-Kanye West. Dude, I was so on board with that Golddigger song a few years ago (until the db's at the Jiffy Lube stole my CD's when they changed my oil). Now? You are just a stupid attention whore. STOP IT. NO ONE CARES. YOU ARE AN IDIOT.
-Kate Major. Dude. Fine. You despise John Gosselin. GET IN LINE. Does anyone NOT despise him?
Although, seriously. Does this dude have a beer flavored peen or what? I can't think of any of other explanation for all these women flocking around him because Jesus Lord, child support for eight children cannot be cheap and he's about as attractive as a pile of cat puke.
(Sorry dad. Sorry)
(Admittedly, it would be hard for my own ass to bite me)
-The death of Patrick Swayze. So NOT the time of my life.
-Biochemistry. Just cause.
-My new book. Specifically, my paralyzing fear of said book.
(We're in a it's-not-going-well phase. Is it obvious?)

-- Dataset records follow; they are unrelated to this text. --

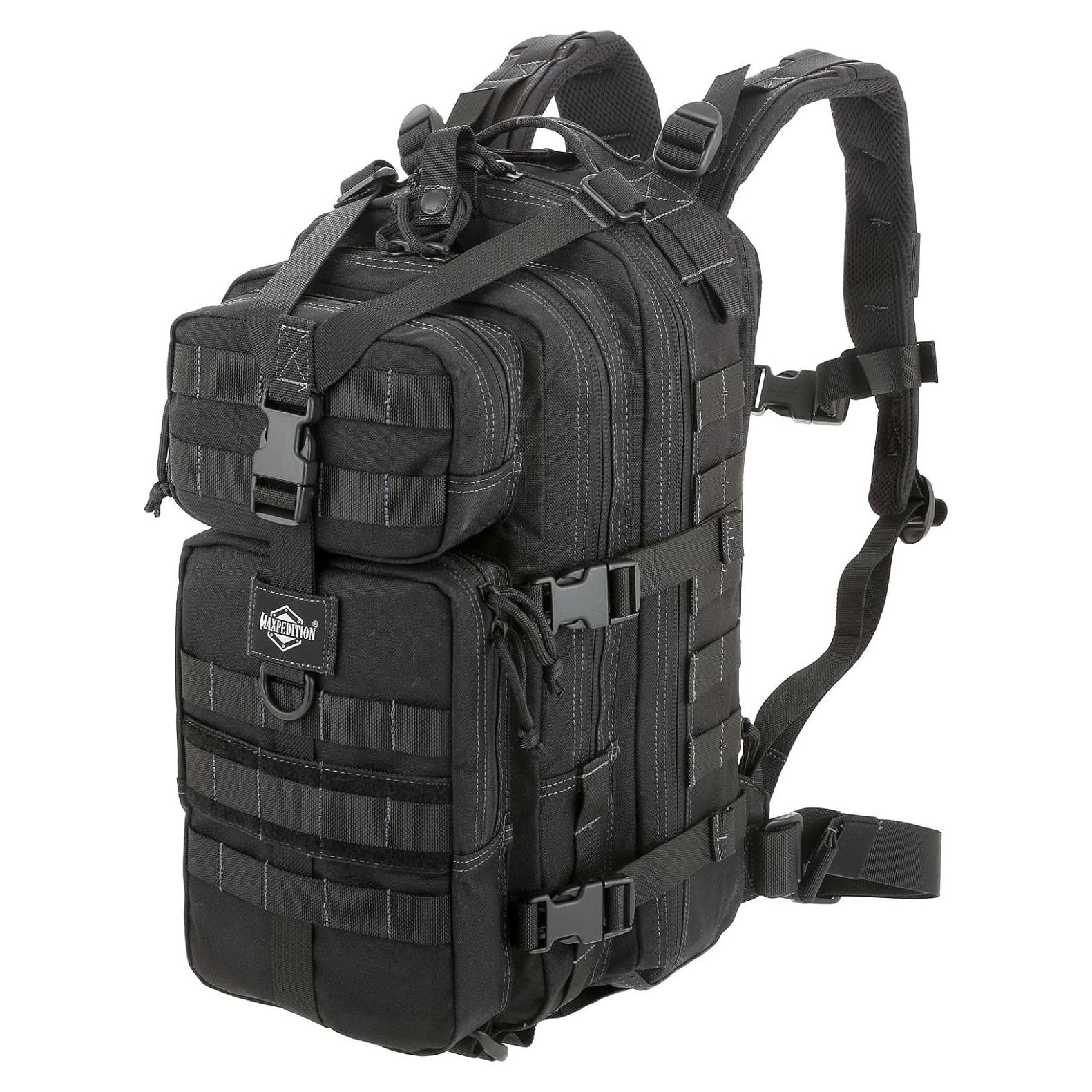 Mochila Maxpedition Falcon-II 25L Táctica Negra EDC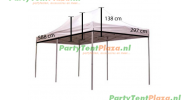 Geschatte anker Specialist Dak Easy Up Platinum PVC 6 x 3 | PartytentPlaza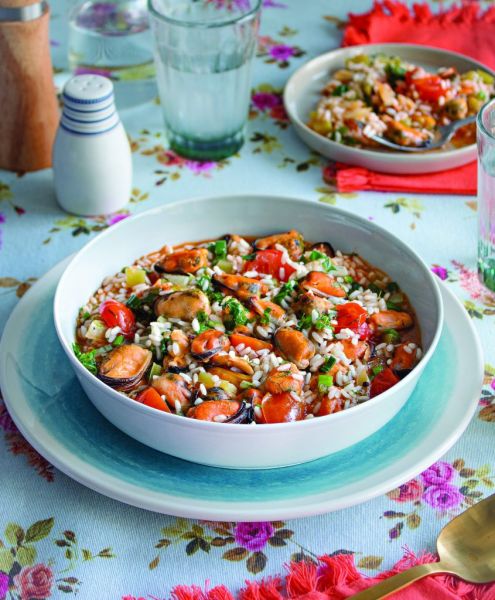 Μυδοπίλαφο με τραχανά & ντομάτα | imommy.gr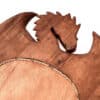 Drachenspiegel aus Holz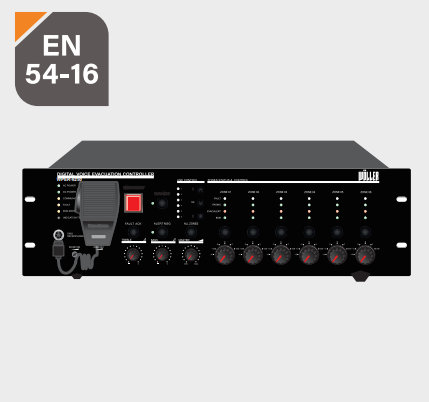 WÖLLER WPER-6250 6 BÖLGELİ EN54 ACİL ANONS MERKEZİ ÜNİTE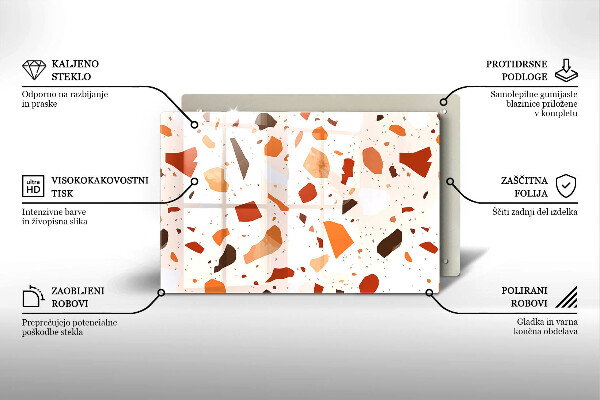Abdeckung induktionskochfeld Dekoratives Steinzeug
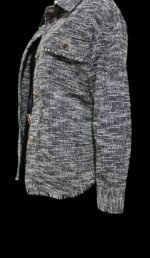 Glitzer-Jacke mit Fransen, Gr. 40, schwarz-weiß – Bild 3
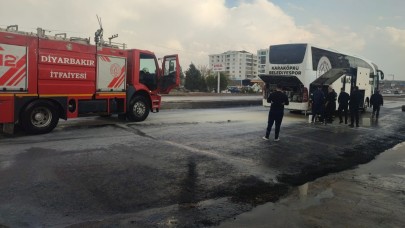 Karaköprü Belediyespor kafilesi ölümden döndü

-The bizarre rules that come along with middle school. Specifically, the fact that the school can, apparently change the start time, not tell anyone and STILL get pissy with you because your kids are "late".

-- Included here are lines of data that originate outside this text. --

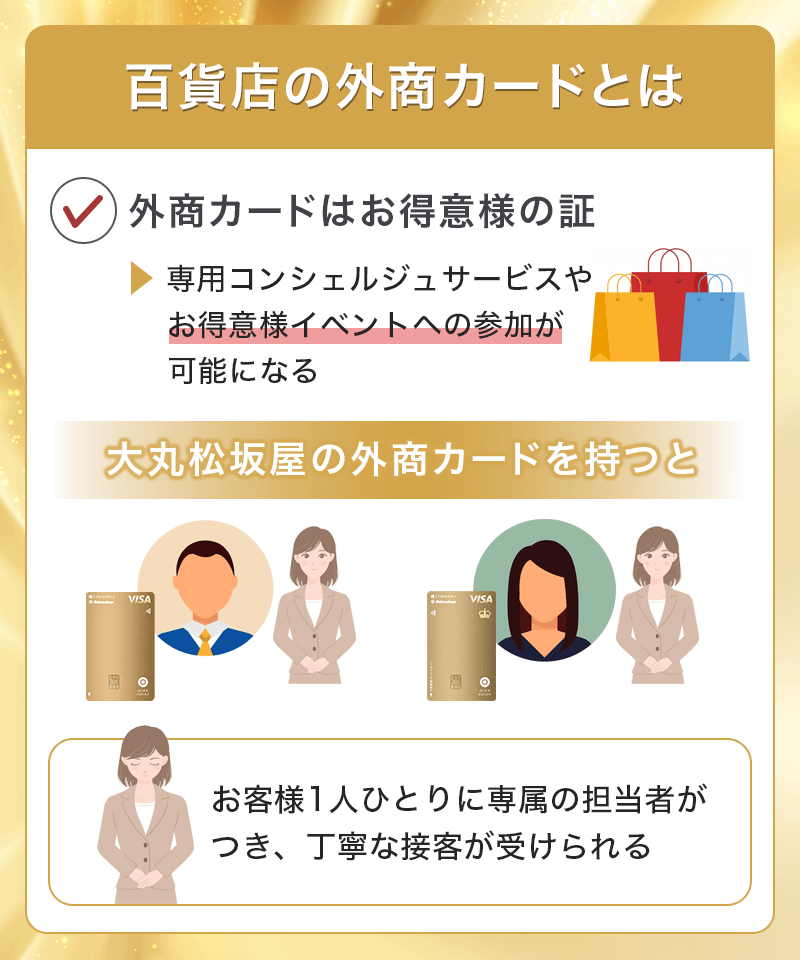 百貨店の外商カードとは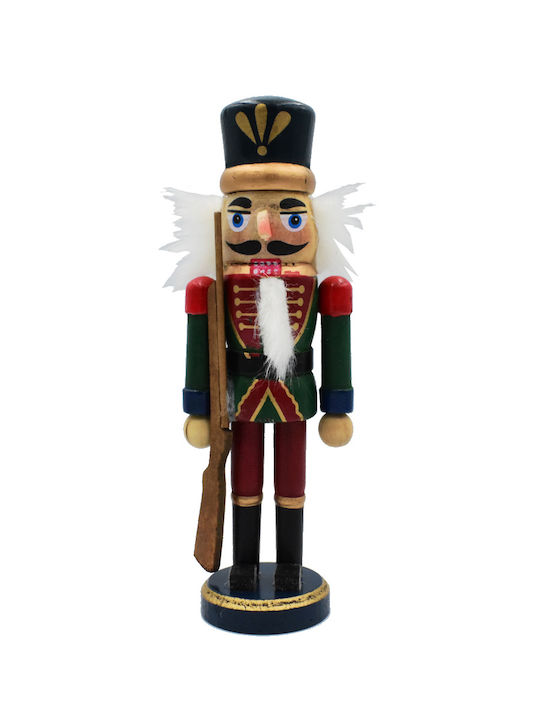 Nutcracker de Crăciun Lemn Roșu Înălțime 12.5cm. 3buc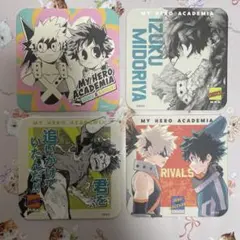 ヒロアカ ジャンプGIGA spring 付録 コースター 緑谷出久 爆豪勝己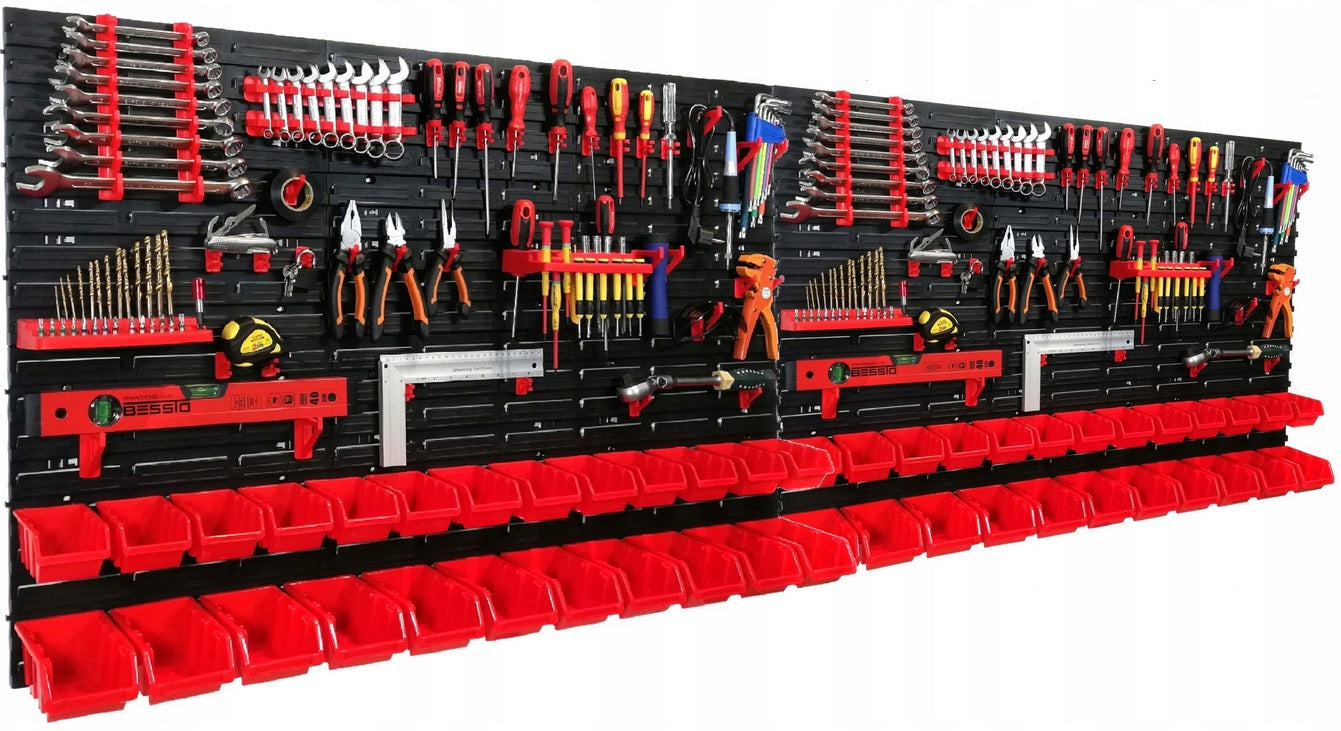 WORKSHOP TOOL BOARD GARAGE WALL 231,6x78CM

-The equally bizarre hormones that come along with middle school. These include, but are not limited to, sobbing for no reason, panicking over nothing, and sobbing over something that does not require even sniffling.

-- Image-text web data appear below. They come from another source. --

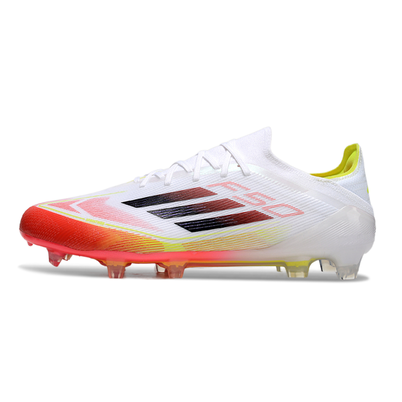Chuteira Campo Adidas F50 FG Branca e Laranja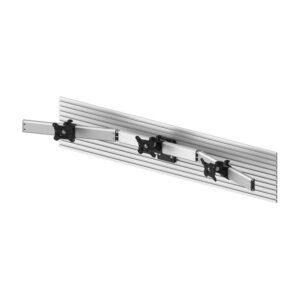 Triple VESA Mount for Slatwall Quick Release w/ Low Profile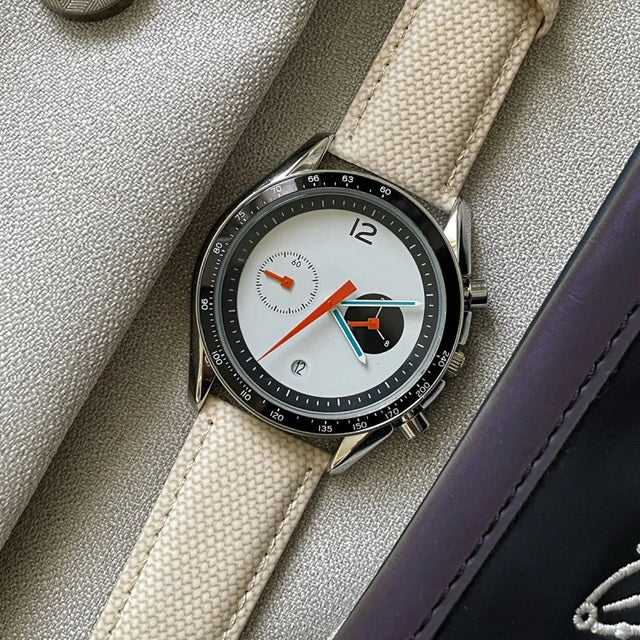Ertan | Reloj Cronógrafo Minimalista con Esfera y Correa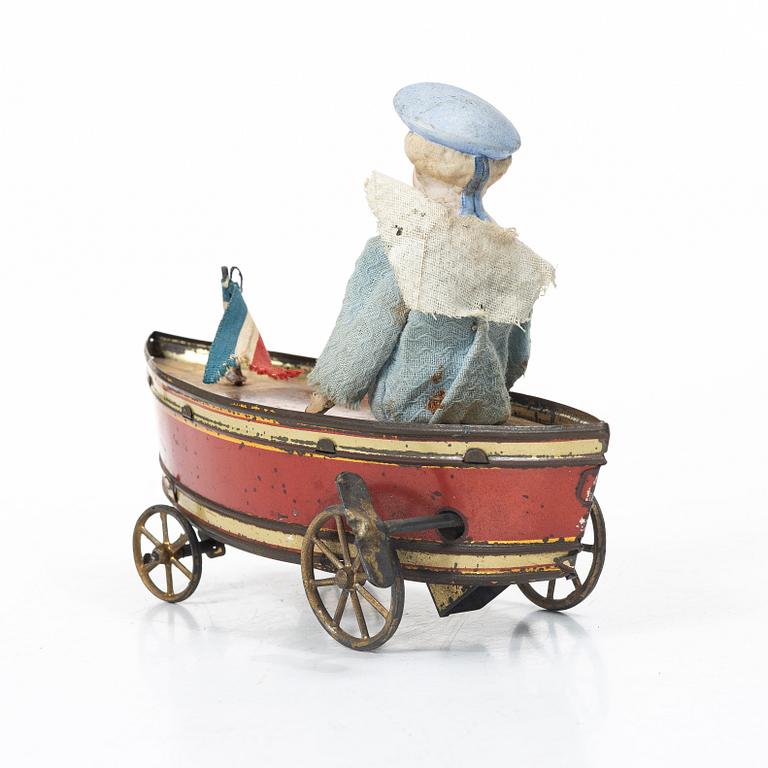 Issmayer (J.A. Issmayer), attributed, tin toy, Germany, late 19th century.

-People who GRAPHICALLY OVERSHARE on the Facebook. It's awesome that you have really strong beliefs on certain issues. It's not awesome to post graphic things to get your point across. Just...no.
Also? I don't want to know if you had sex last night. I just don't. I'm very happy for you, but keep that to yourself.
-My cell phone. It's a complete piece of crap.
-The economy, which is also a complete piece of crap.
-The fact that it's not November yet. I need it to be November. Now.